Much to my chagrin (mostly because of the 2 day turnaround @ Netflix and the dwindling amount of time left for me to complete my finals project for English), the assertions that The Man from Laramie has Learish themes is a little overblown. If anything from Shakespeare's play, it resembles the Gloucester/Edgar/Edmund storyline. I'm sorry: going blind from age does not even remotely equal going insane from being betrayed by your two daughters, whom you gave the world to. Luckily, it wasn't an entire waste of time. Even though I kept waiting for the Lear (which, I imagine, lessened the impact of the film as - you know - a film), Mann's flick was far from disappointing. It is a western by coincidence, focusing - rather than on the banalities of western life - on timeless ideas. Alec Waggoman is a man who wants to maintain the integrity of his ranch (i.e. his kingdom - ok, I guess that is sort of like King Lear, but it strikes me as coincidental. If it is the author's intent to conjure Lear, it is only a passing homage - a point of reference - and not a thematic foundation for the film.) Waggoman clearly wants immortality, for his life's work to live long after he ceases to.
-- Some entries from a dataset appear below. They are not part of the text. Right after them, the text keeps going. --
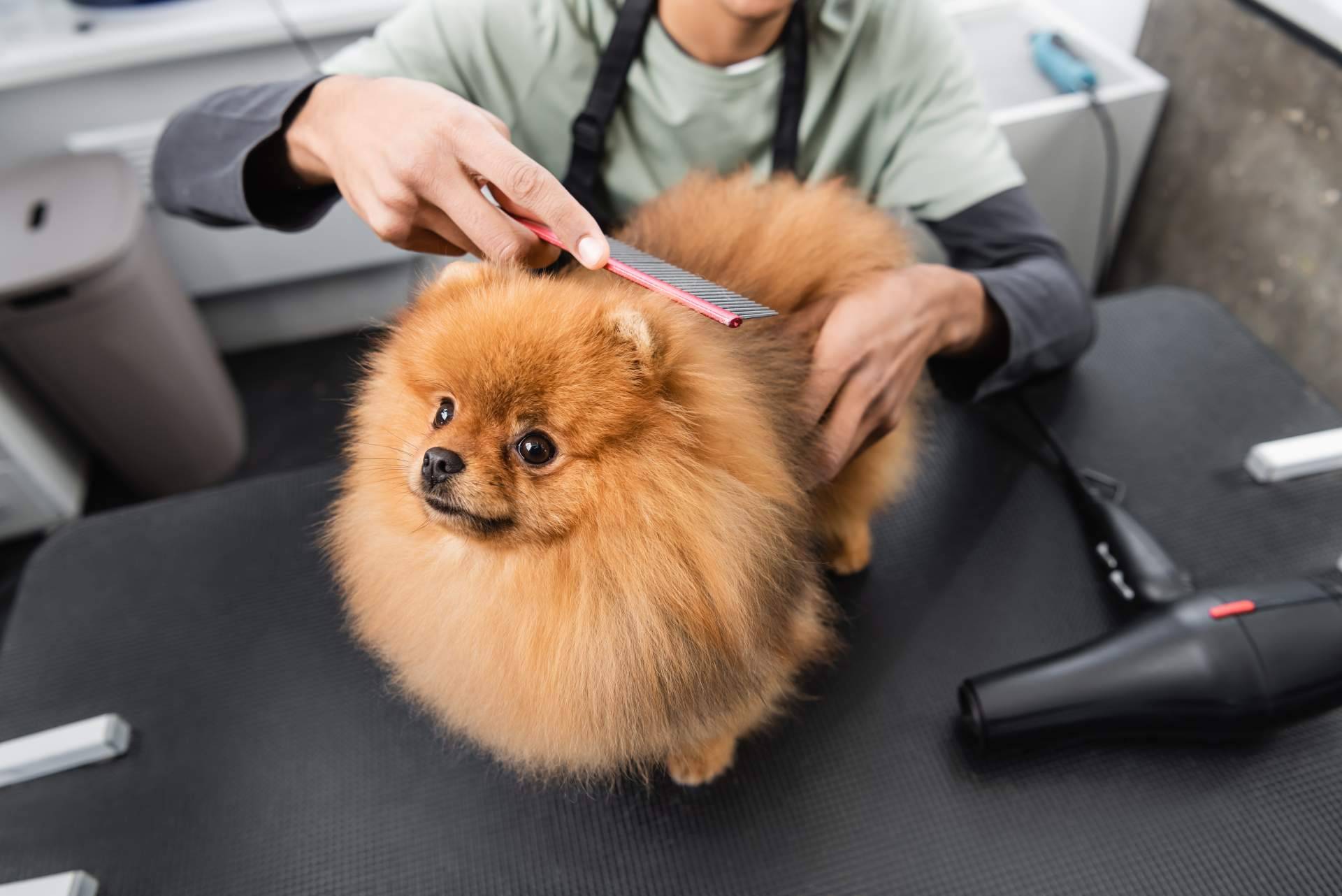 Servicios de peluquería canina y felina en Leganés, con Narval Mascotas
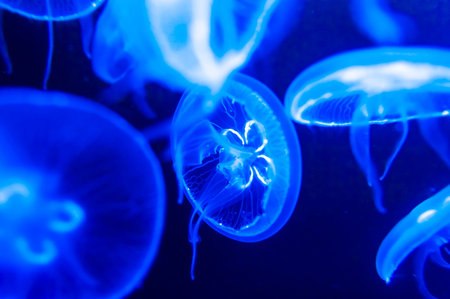 Small jellyfishes illuminated with blue light swimming in aquarium.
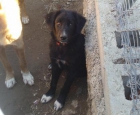 JAM, PRECIOSA CACHORRITA PASTOR BELGA-BORDER COLLIE DE SEIS MESES EN ADOPCIÓN O ACOGIDA‏ - mejor precio | unprecio.es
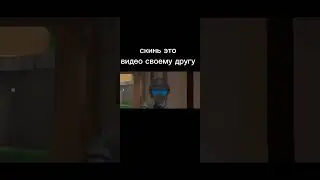 мем поливар 
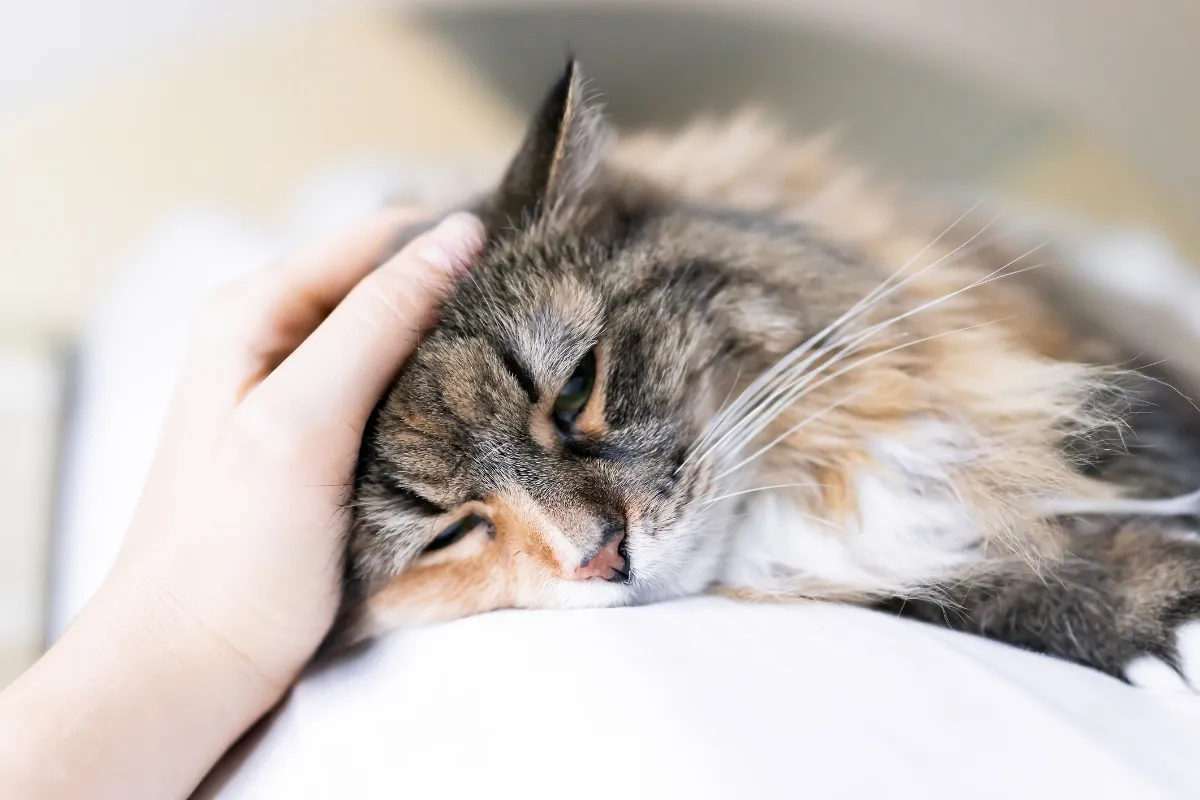 gray cat lying down with hand petting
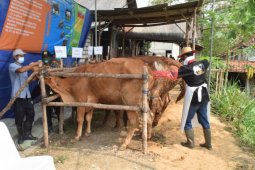 Lamongan kembangkan sapi "Belgian Blue" untuk penuhi kebutuhan daging nasional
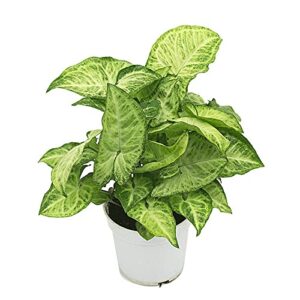 Elegant Syngonium Plant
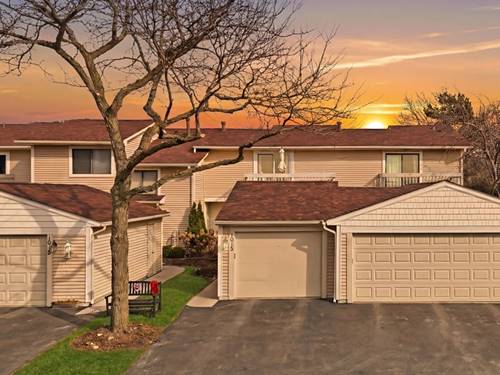 1013 Chatham, Vernon Hills, IL 60061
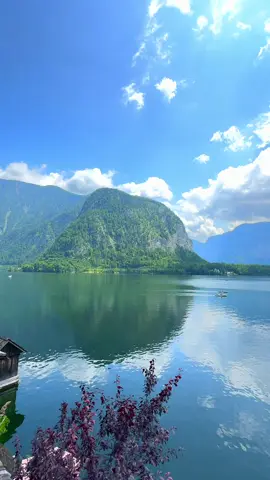 #hallstatt_austria #fyp #trending 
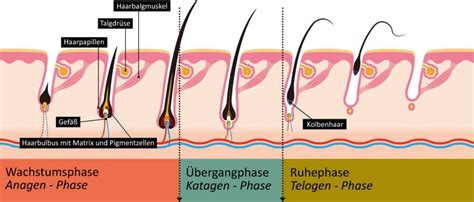 Der Haarzyklus Anatomie und physiologie Gesundheit und schönheit Haare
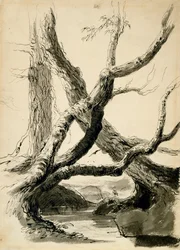 Szkic pni drzew, ok. 1825-40 (czarny tusz, długopis, płyn i ołówek na białym papierze)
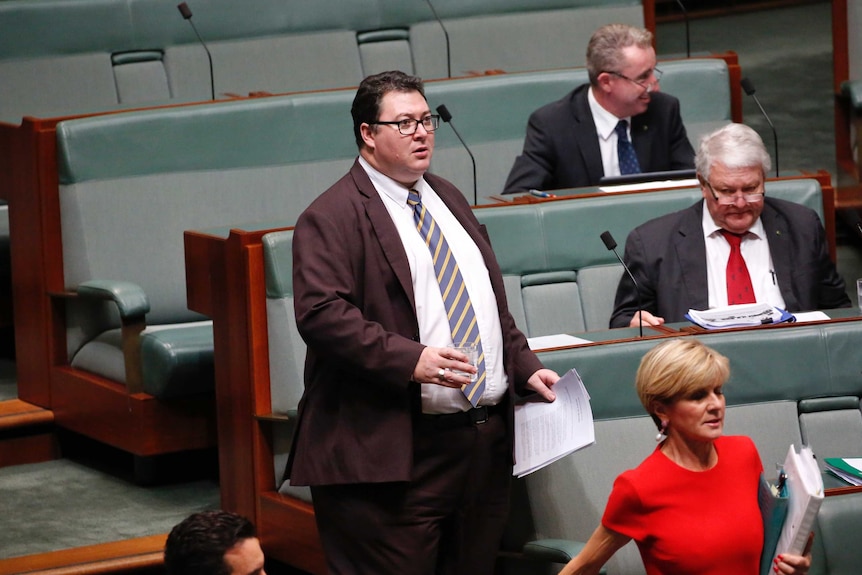 Conservative MP George Christensen walks through the House of Representatives wearing a brown suit and blue and gold tie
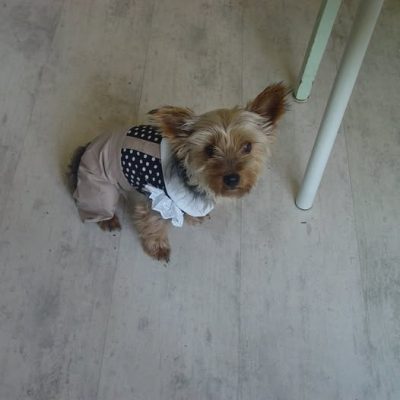 Avatar de zibulon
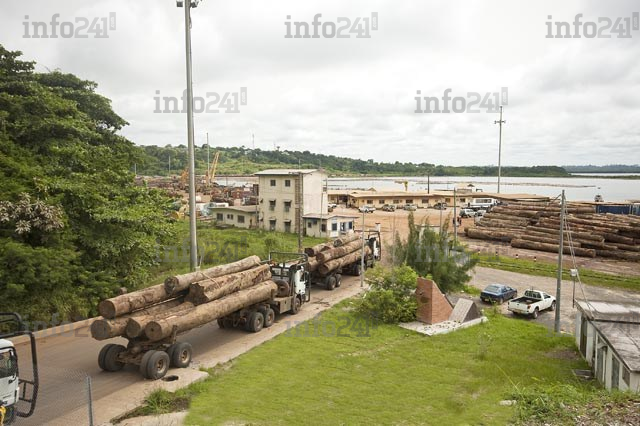 Sept compagnies forestières épinglées pour exploitation illégale au Gabon 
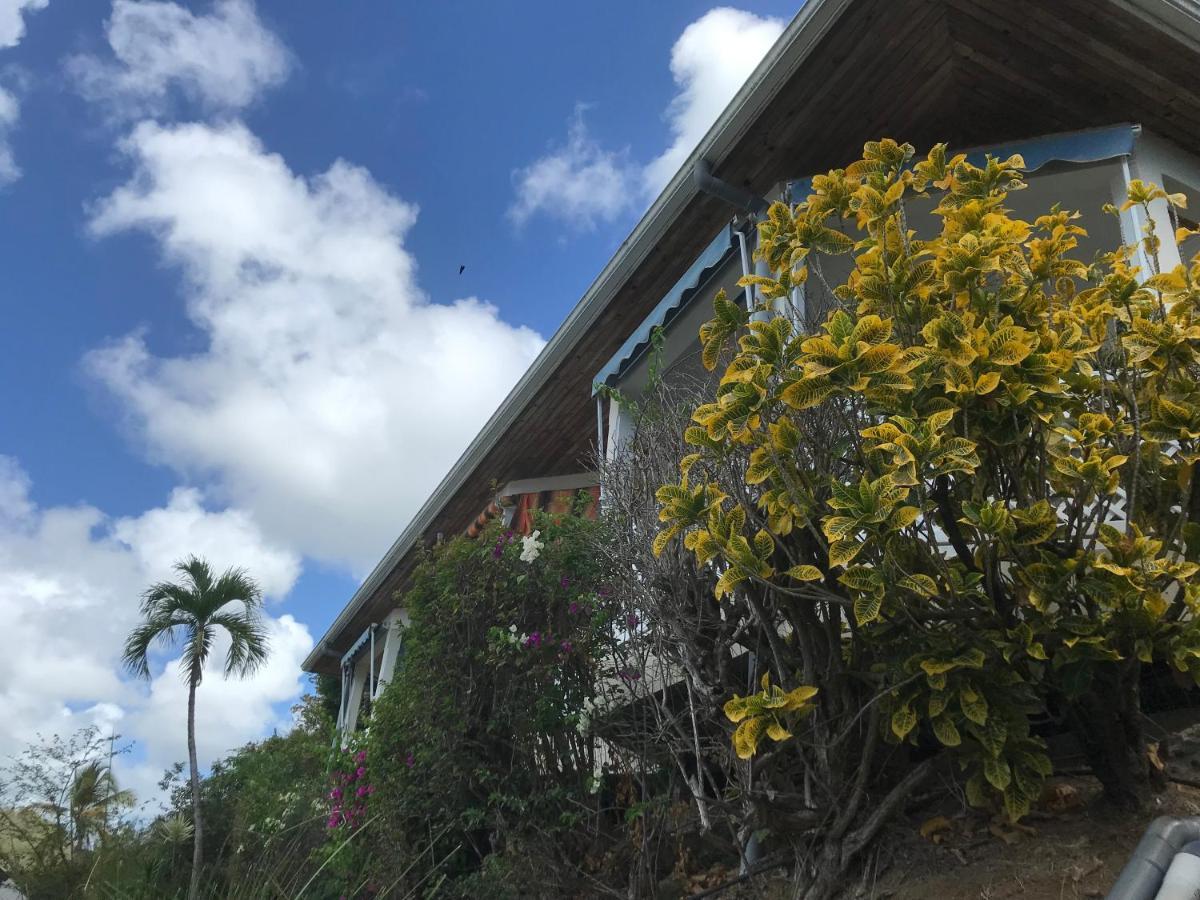 Belfond-Tropical Apartman Sainte-Anne Kültér fotó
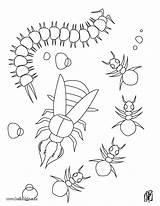 Coloring Centipede Ants Pages Designlooter Getcolorings 71kb Hellokids Draw sketch template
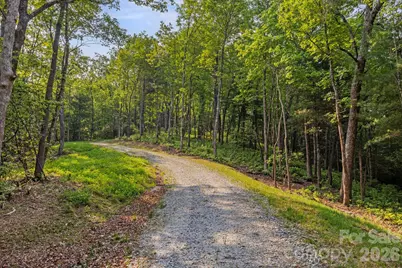251 Paul McCoy Road, Lake Toxaway, NC 28747 - Photo 8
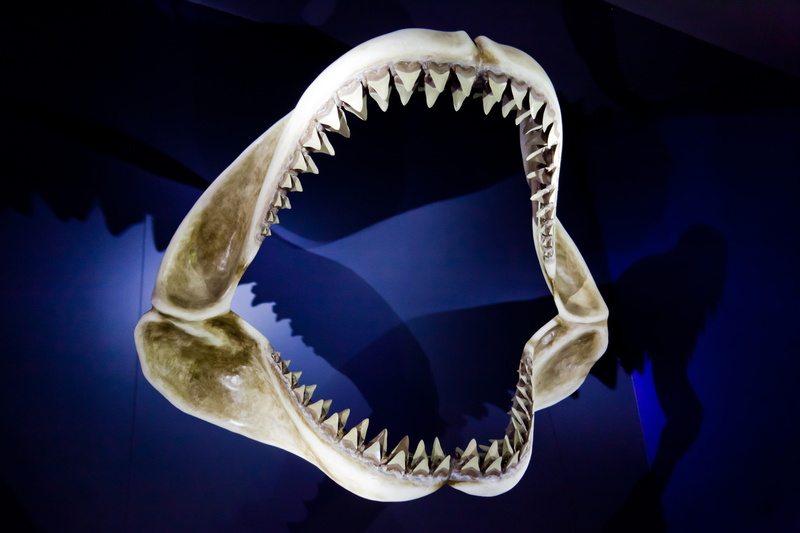 fear, scary, one animal, human skeleton, teeth, colored background, Danger, shark, big, bone, jaws, Big, studio shot, bite, mouth, animal themes, sea life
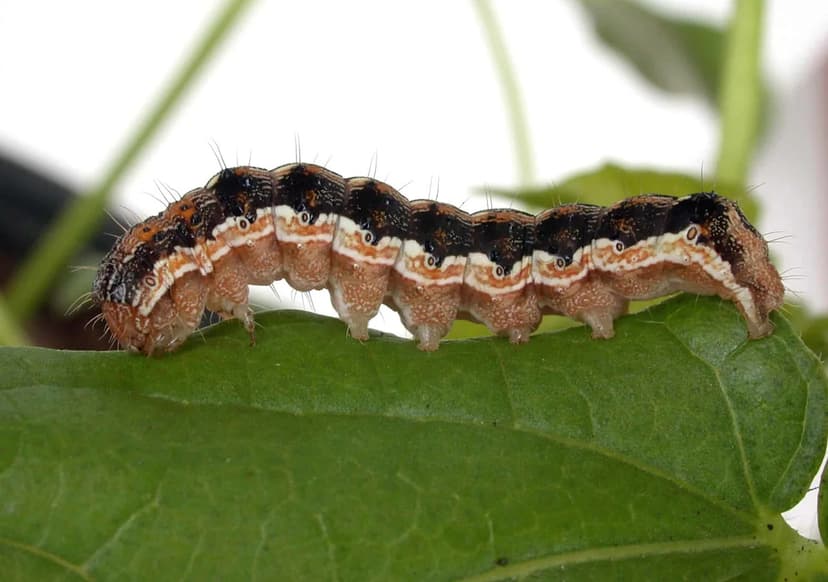 Caterpillar Munching Styrofoam Offers Plastic Waste Hope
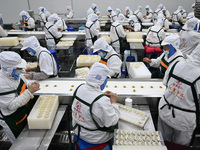 Workers make handmade dumplings in a workshop at a food factory in Suqian, China, on October 9, 2024. (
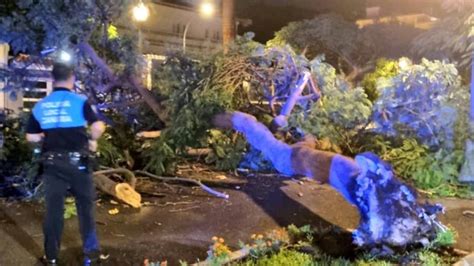 VIDEO ÁRBOL SANTA CRUZ Cae un árbol de gran tamaño en las Ramblas de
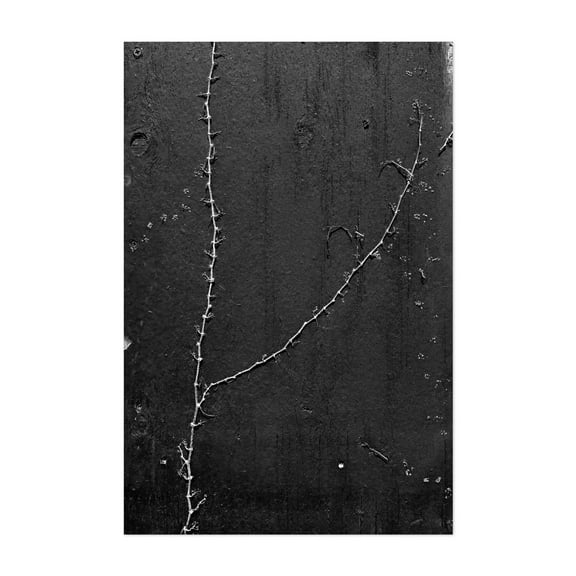 Alleyway Vines, 02 - Queens New York Photography Unframed Wall Art Print 5 x 7 inches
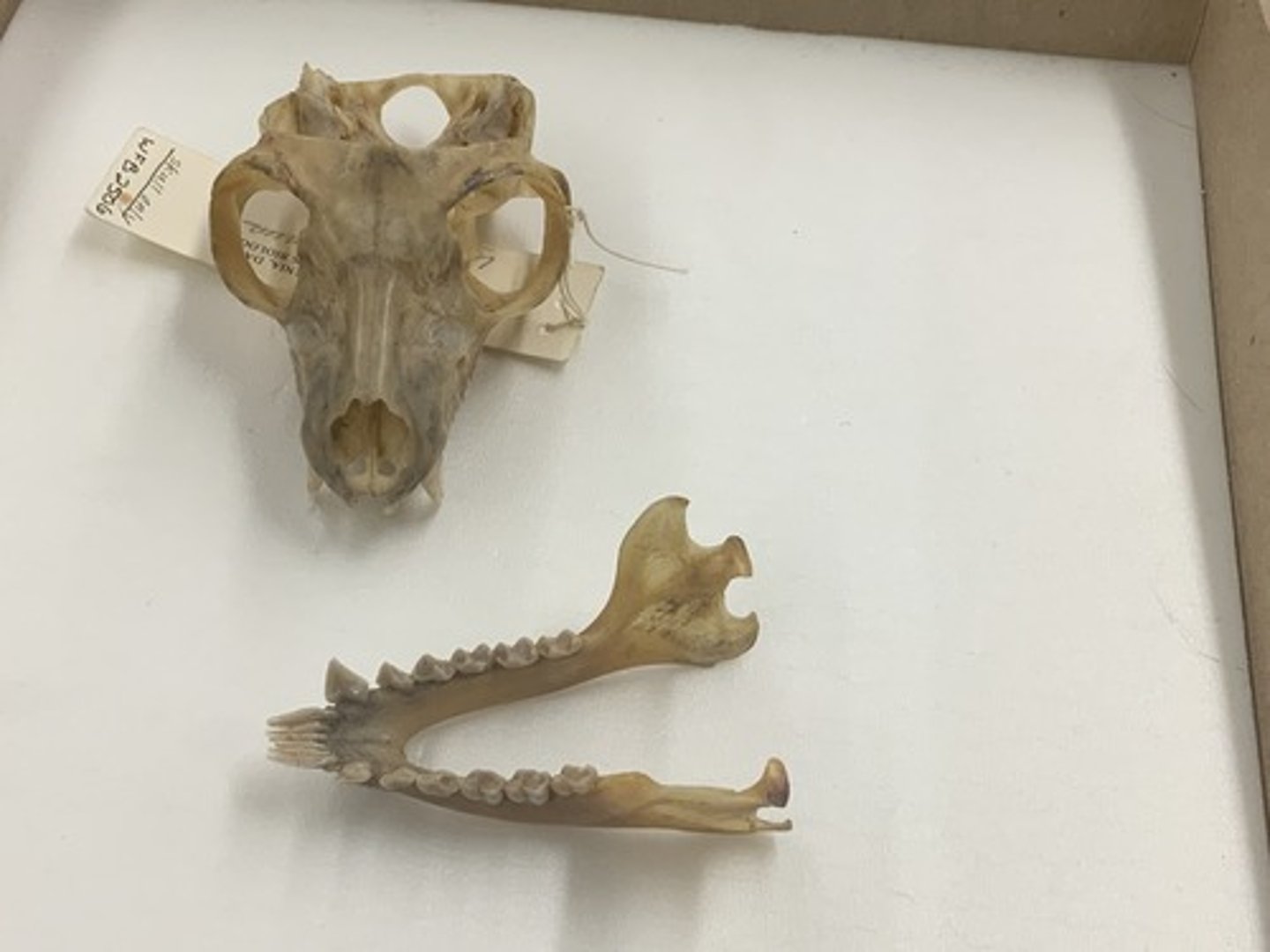 <p>Family, Suborder, Order, Infraclass, Subclass</p><p>-postorbital bar</p><p>-comb tooth</p>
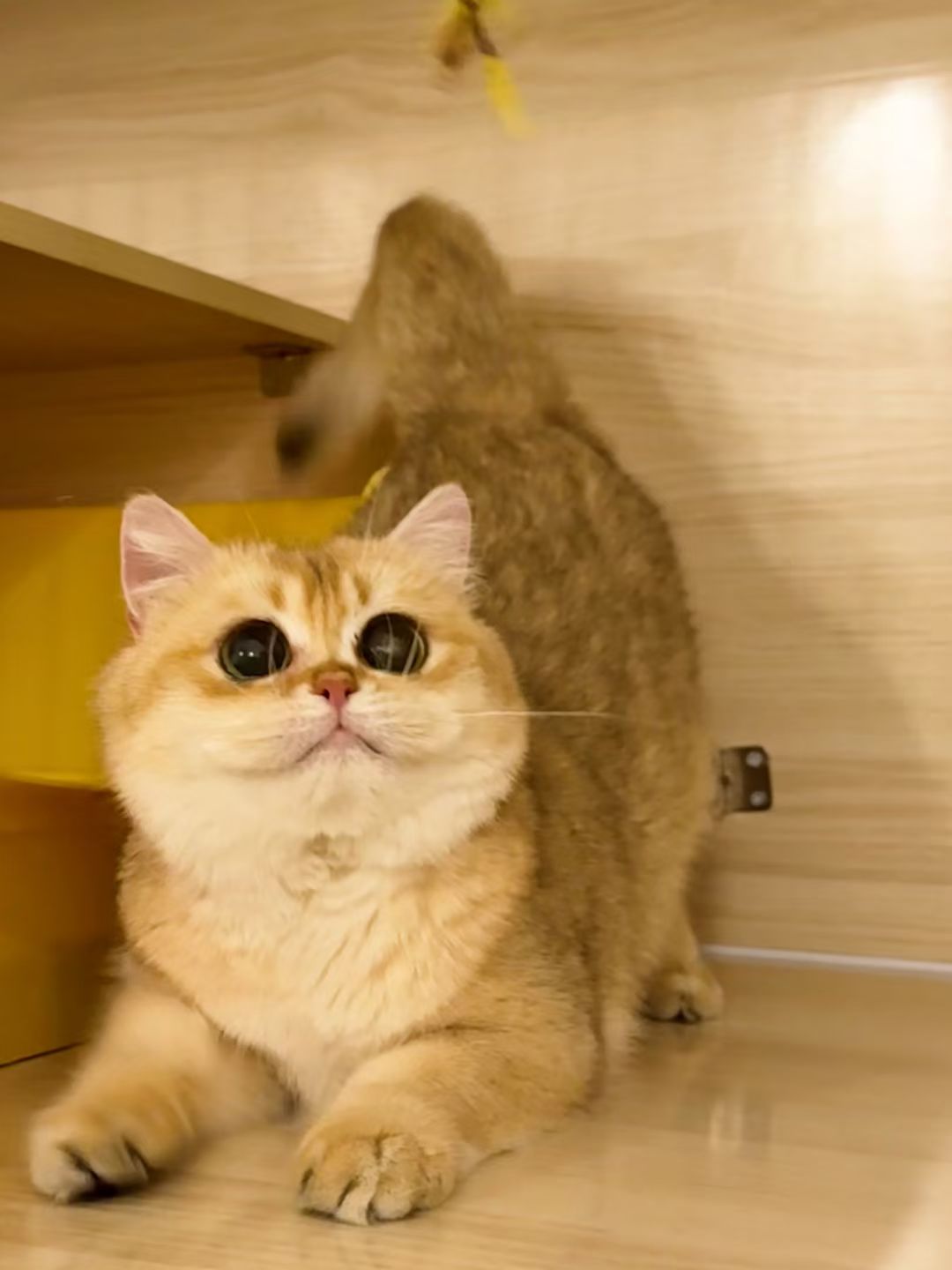 小浣熊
His son - capricious like all young bucks - wants pleasure, now. He wants to make his own fortune, but - and this is the rub - he cannot do it without his daddy's money. Naturally, people die. Jimmy Stewart (as the outsider) acts as a catalyst, setting this tragic series of events (not Lear tragic, asshole) into motion. It's nice as a change - instead of wagon teams and homesteaders and shoot-outs and sunsets and town drunks and cattle drives and Injuns and John Wayne and John Ford and hangings and liquor and ten-gallon hats we get this: a pitiful old man, going blind and grasping at straws.

Scotland, PA
d. Billy Morrissette, 2001

It isn't a very good film - it succumbs too often to low humor, which results in a nasty bit of bathos - but Scotland, PA is at least somewhat interesting for the trend it signifies. Since Gus Van Sant's My Own Private Idaho in 1991, Shakespeare has become, for lack of a better word, cool. Dropping lines verbatim (Intolerable Cruelty, Elephant), cribbing significant plot points (The Lion King), and adapting the Elizabethan English or locale out of the film (Scotland, PA, "O", William Shakespeare's Romeo + Juliet) have all become accepted and admired forms of acknowledging the influence of Shakespeare. Scotland, PA is one of the less successful of these, hampered by bad acting (everyone except Chris Walken) and a general low-budget aura (not the good kind, either.) Nonetheless, the idea of adapting Macbeth to a hamburger joint in 1970's Pennsylvania is inherently clever and provides the film with some solid moments (Duncan's death by deep fryer being the most of these.) Remarkably, the original plot is kept largely intact, which, if nothing else, makes it fun to go through and notice the di-/convergences.